Aucun dossier jugé sous le changement
La rentrée judiciaire a permis de savoir que depuis 2006, aucun des dossiers de crime économique introduits en justice n’a abouti. Ce qui serait dû au non bouclage des enquêtes complémentaires par la police. Une responsabilité qui, toute proportion gardée, se situe bien plus haut qu’on ne le laisse croire.
Les propos du Procureur Général, Georges Amoussou, n’ont laissé personne de marbre vendredi dernier lors de la cérémonie d’ouverture de l’année judiciaire. Il a clairement laissé entendre que depuis trois ans et bien au-delà d’ailleurs, des dossiers de crime économique transmis à la justice n’ont pu être jugés. Car, les enquêtes complémentaires mises à la charge de la police nationale et de la gendarmerie nationale demeurent inachevées. Cette affirmation qui sonne comme une accusation à l’endroit de ces structures, semble être en même temps, une soustraction à la Ponce Pilate. En effet, le Procureur Général, en faisant de telles déclarations voudrait bien faire croire que si ces dossiers n’aboutissent pas, ce n’est pas la faute à la justice. En ce sens que les critiques formulées à son encontre dans certains dossiers connus de tout le monde, sont de plus en plus acerbes. Il fallait donc orienter les critiques vers d’autres cibles, autres que la maison justice.
Cependant, une analyse approfondie de la question montre que les policiers et autres gendarmes chargés de mener les enquêtes complémentaires ont une responsabilité limitée et surtout mineure. Car, ils ne pourront exécuter que des ordres qui leur auront été donnés par leurs hiérarchies respectives. Mais il y a un niveau plus élevé de responsabilité qui est politique.
En effet, sans une volonté politique agissante et non proclamée et claironnée à longueur de meetings, la lutte contre l’impunité ne sera jamais une réalité. Or, le régime actuel n’a cessé d’affirmer et de réaffirmer sa ferme volonté de lutter contre l’impunité. Le président Boni Yayi a d’ailleurs été assez explicite lors de son investiture : « la lutte contre la corruption et l’impunité est non négociable ». Pendant trois ans, le gouvernement a commandité des audits, l’inspection générale d’Etat (Ige) a épinglé un certain nombre de directeurs généraux de sociétés et autres agents.
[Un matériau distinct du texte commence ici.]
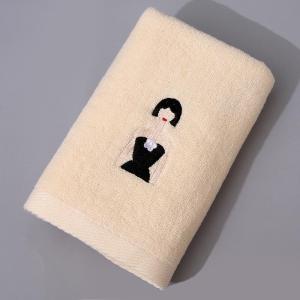 Cotton Face Towel w 8 Designs /Tuala Muka /Sport Bath for household Size 34cmX70cm+-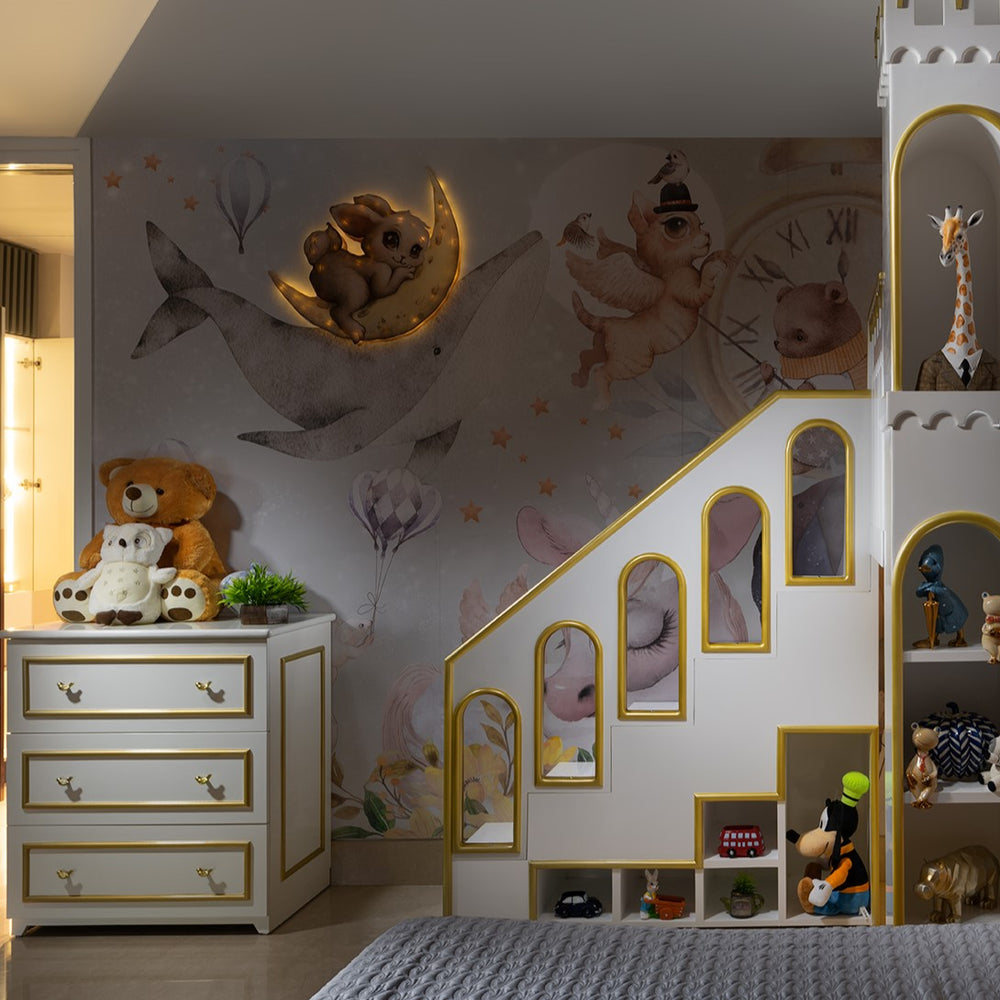 Vintage Magic Dream Theme Wallpaper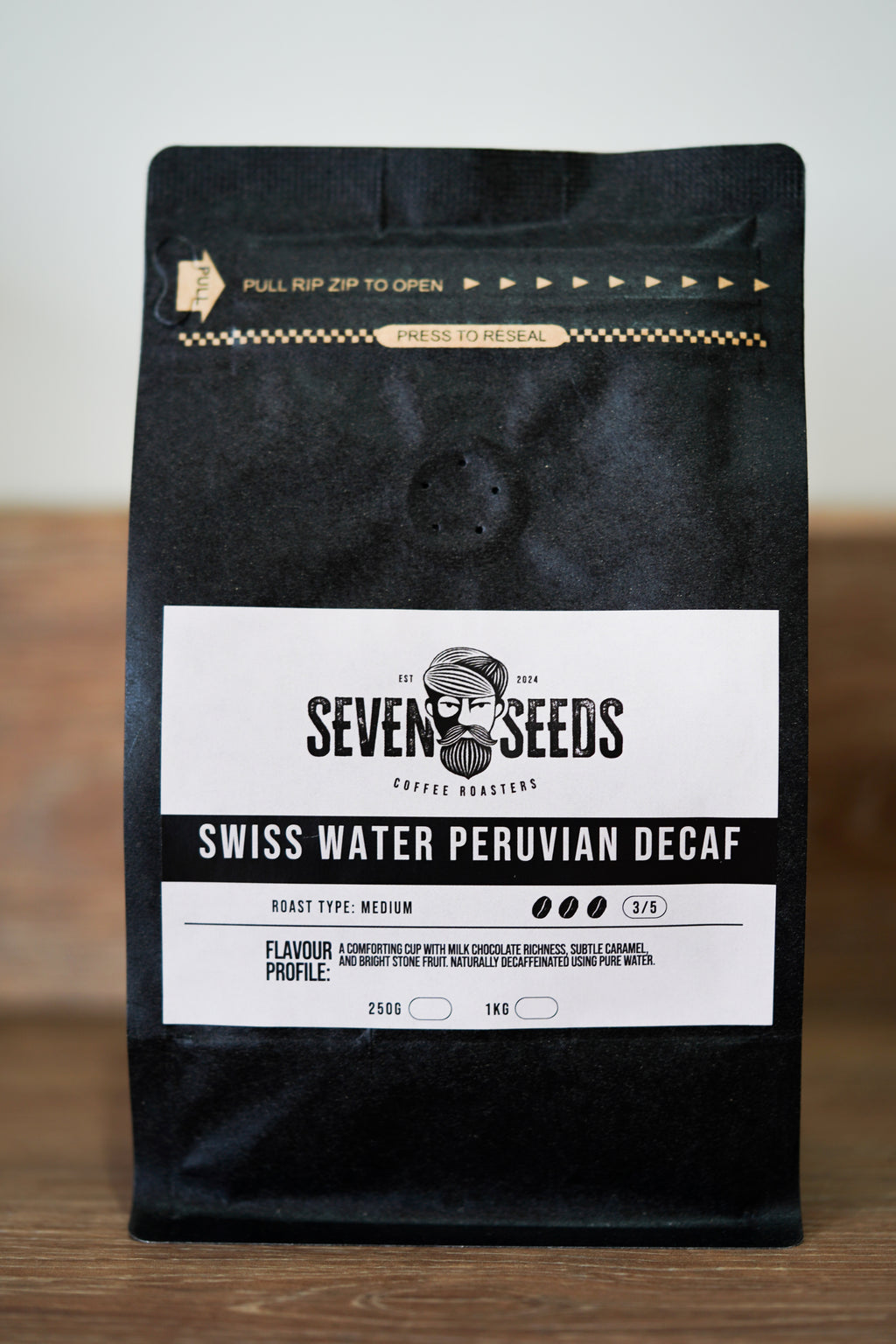 Peruvian Decaf (Swiss Water Process)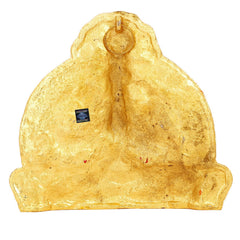 Lord Ganesha on singhasan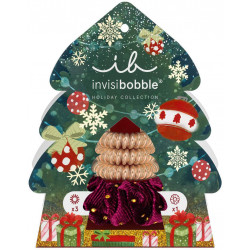 Invisibobble set holidays good things come in trees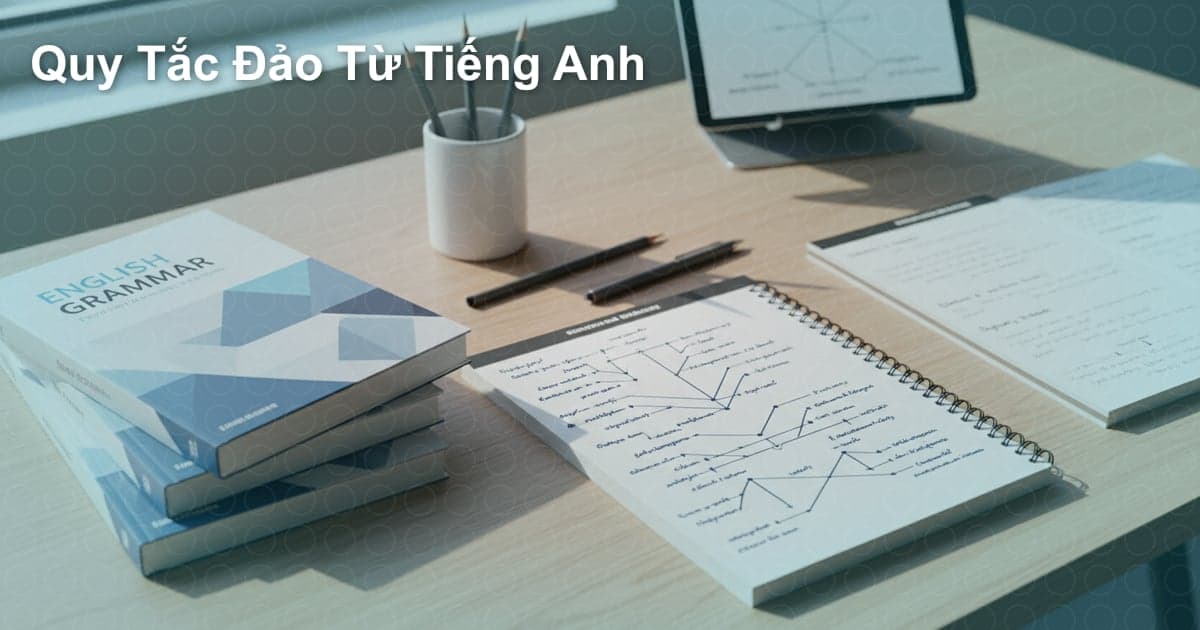 Hỏi Đáp Tiếng Anh: Quy Tắc Đảo Từ Cực Dễ Hiểu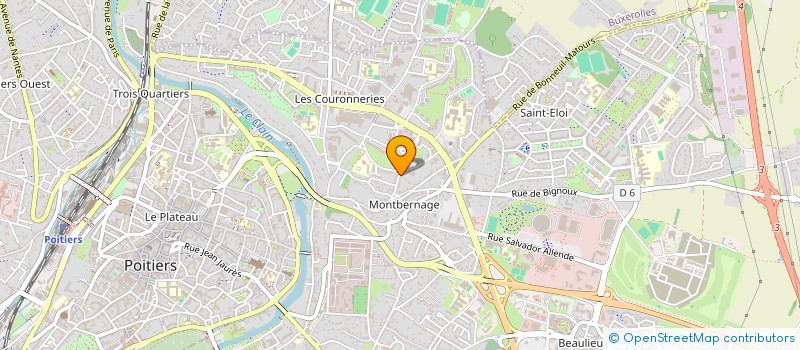 localisation de l'entreprise 338 165 079   POITIERS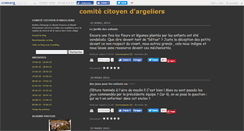 Desktop Screenshot of citoyenargeliers.canalblog.com
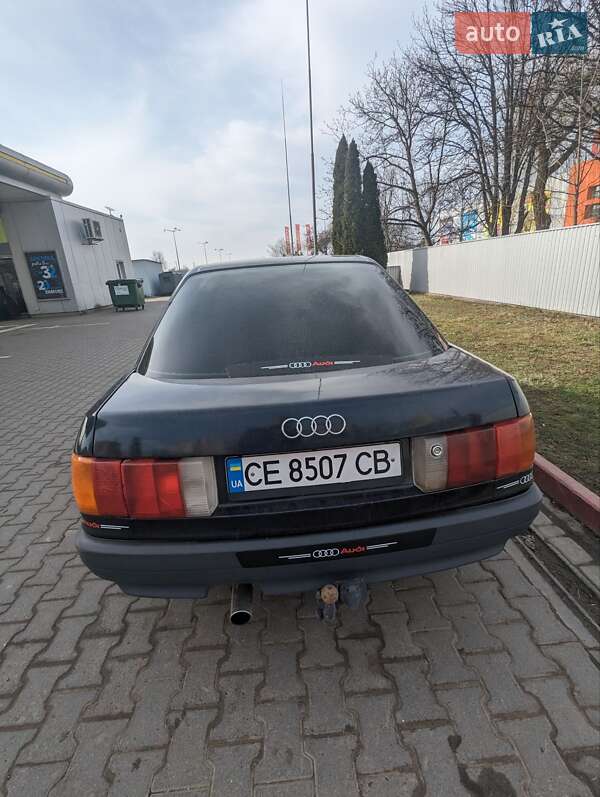 Седан Audi 80 1991 в Чернівцях фото 4 Седан Audi 80 1991 в Чернівцях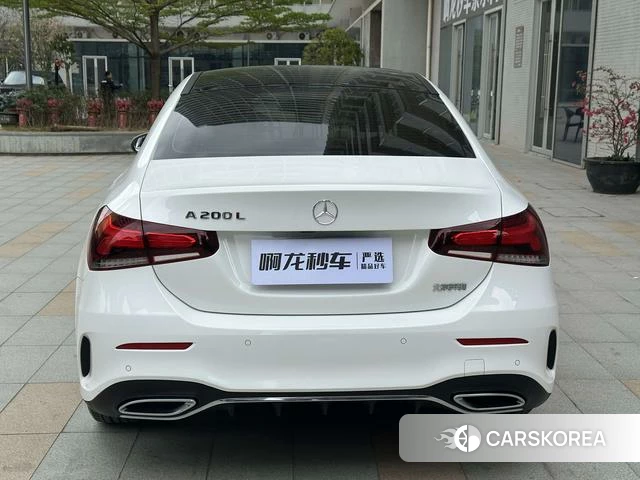 Mercedes-Benz A-Class 2021 Белый из Китая, фото 4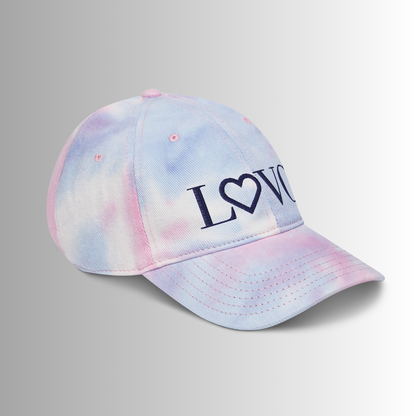 GORRA CON EFECTO TIE DYE MUJER LOGO NAVY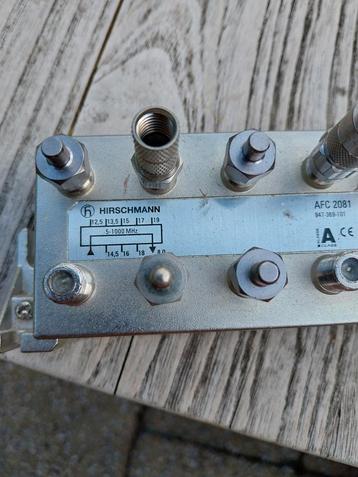 Hirschmann AFC 2081 TV Kabel Verdeler beschikbaar voor biedingen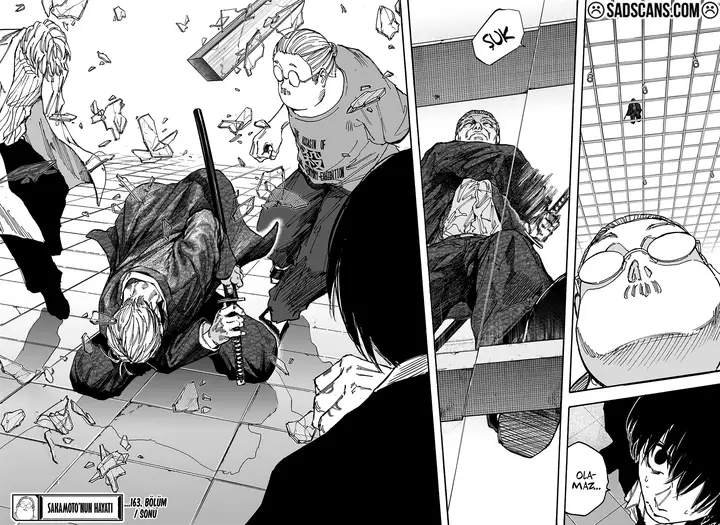 Read Sakamoto Days Tr Manga Online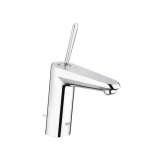 Bateria umywalkowa nablatowa, jednouchwytowa, z wyciąganym odpływem Grohe Eurodisc Joy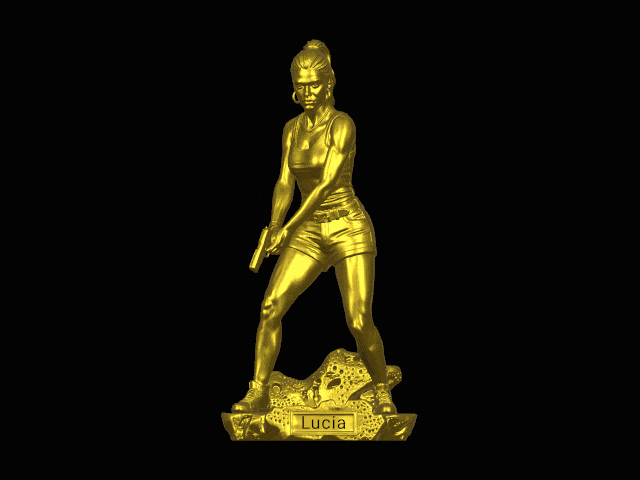 Statue Lucia GTA VI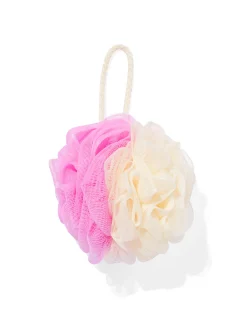 badbloem wit/roze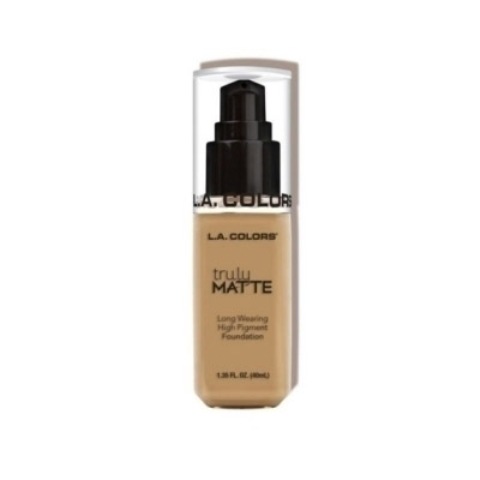 La Colors Truly Matte Liquid Foundation Medium Beige CLM355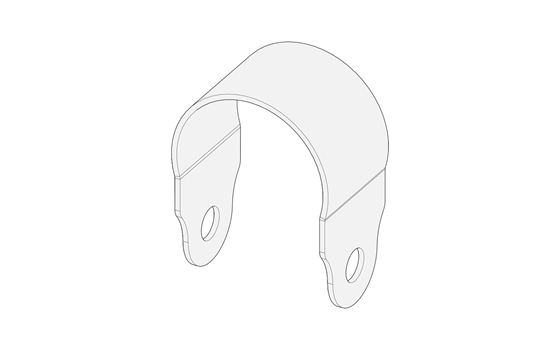 Beslag til håndliste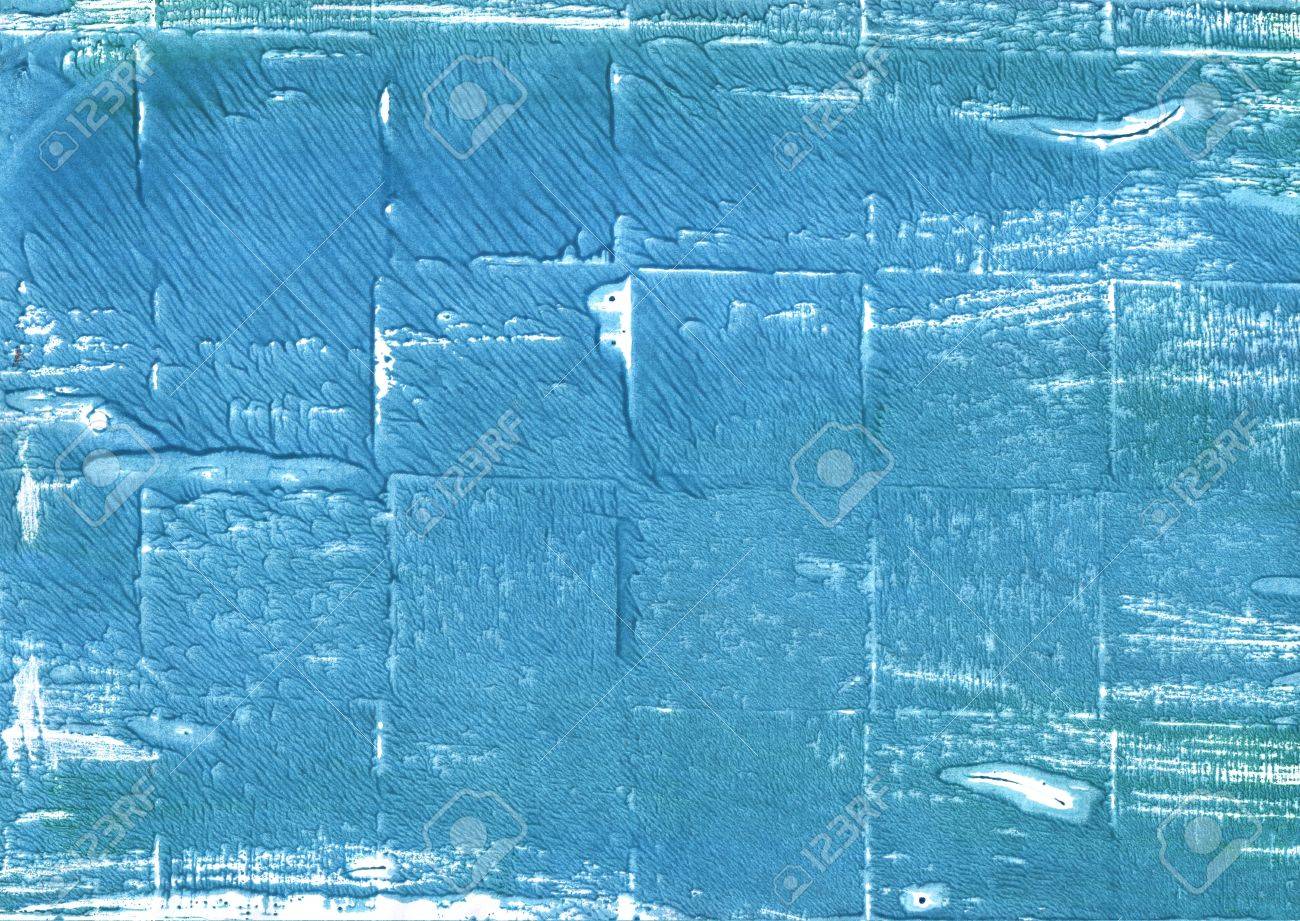 抽象的な水彩の手描き 色の使用 カロライナの青 天青 スチール ブルー クリスマス青 ブルー ジーンズ 最大青 エアロ ラピスラズリ ムーンス トーン シアン ブルー Azure の写真素材 画像素材 Image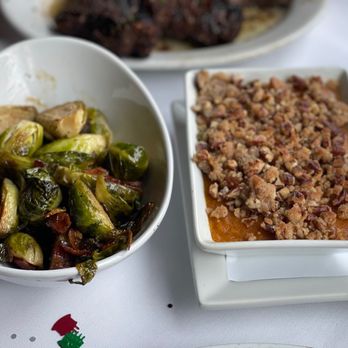 Ruth's Chris Steak House - BRUSSELS SPROUTS & SWEET POTATO CASSEROLE - Steakhouses Near Me - Cincinnati, Ohio Ruth's Chris Steak House - BRUSSELS SPROUTS & SWEET POTATO CASSEROLE - Steakhouses Near Me - Cincinnati, Ohio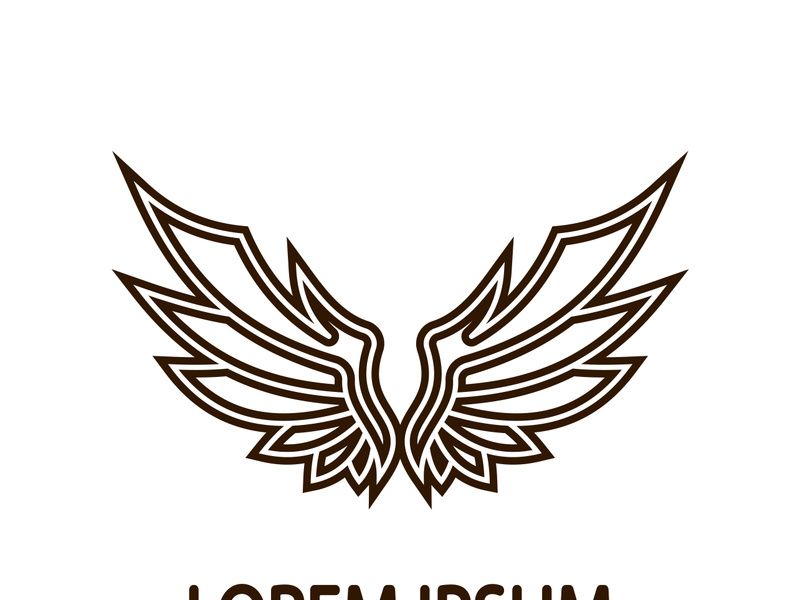 Wings logo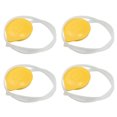 thumbnail image 1 of Unique Bargains 4 Pcs Bouchon de Réservoir de Liquide Lave-Glace Compatible avec Subaru Forester avec Règle Jaune, 1 of 6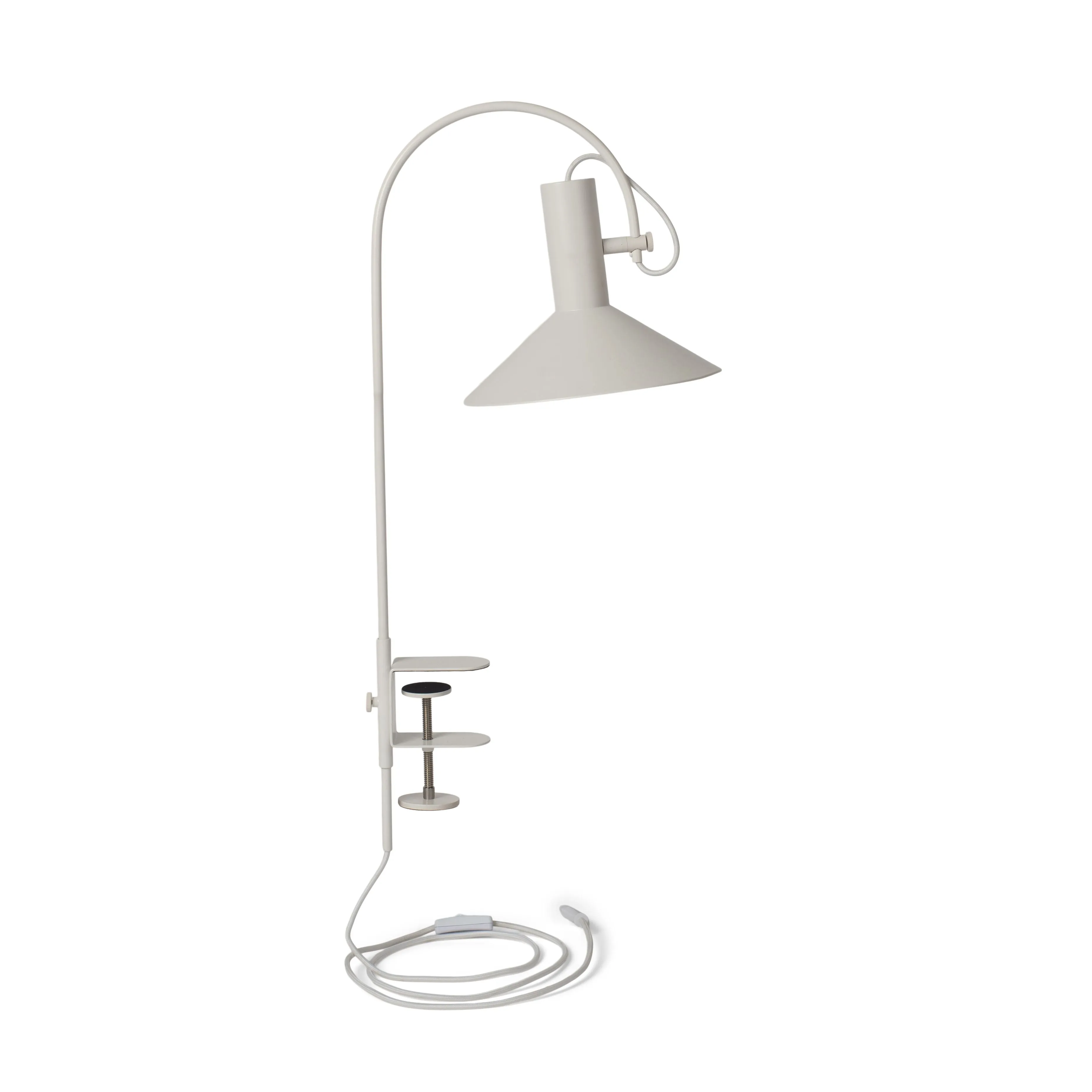 Spring Copenhagen Formula Table Lamp, White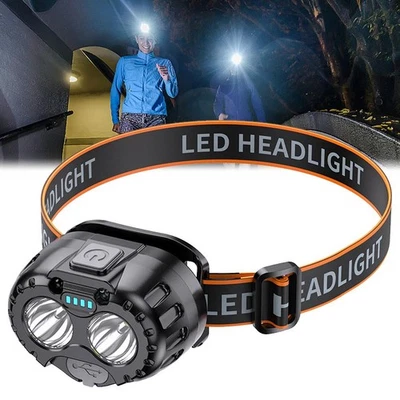 LED Motion Sensor Headlight USB Rechargeable Headlamp New Lamp Head Torch L2Z5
Ces dossiers, transmis à la justice attendent toujours de connaître leur dénouement. Selon le Procureur général, les résultats des enquêtes complémentaires se font attendre.
Il est donc clair que c’est la volonté politique qui fait défaut. Si les officiers de police judiciaire enquêtent sur instructions du Procureur, il n’en demeure pas moins qu’ils sont sous les ordres du ministre de l’intérieur. On se demande alors, si de son côté, les consignes conséquentes sont données. Quel est le degré de collaboration entre les différents ministres du gouvernement qui sont concernés par ces dossiers de crime économique? Seul la volonté politique des gouvernants peut réellement faire évoluer ces dossiers. Quant on sait que beaucoup de ténors de la mouvance présidentielle sont concernés par certains dossiers de crime économique, on reste dubitatif quant à un éventuel changement des choses.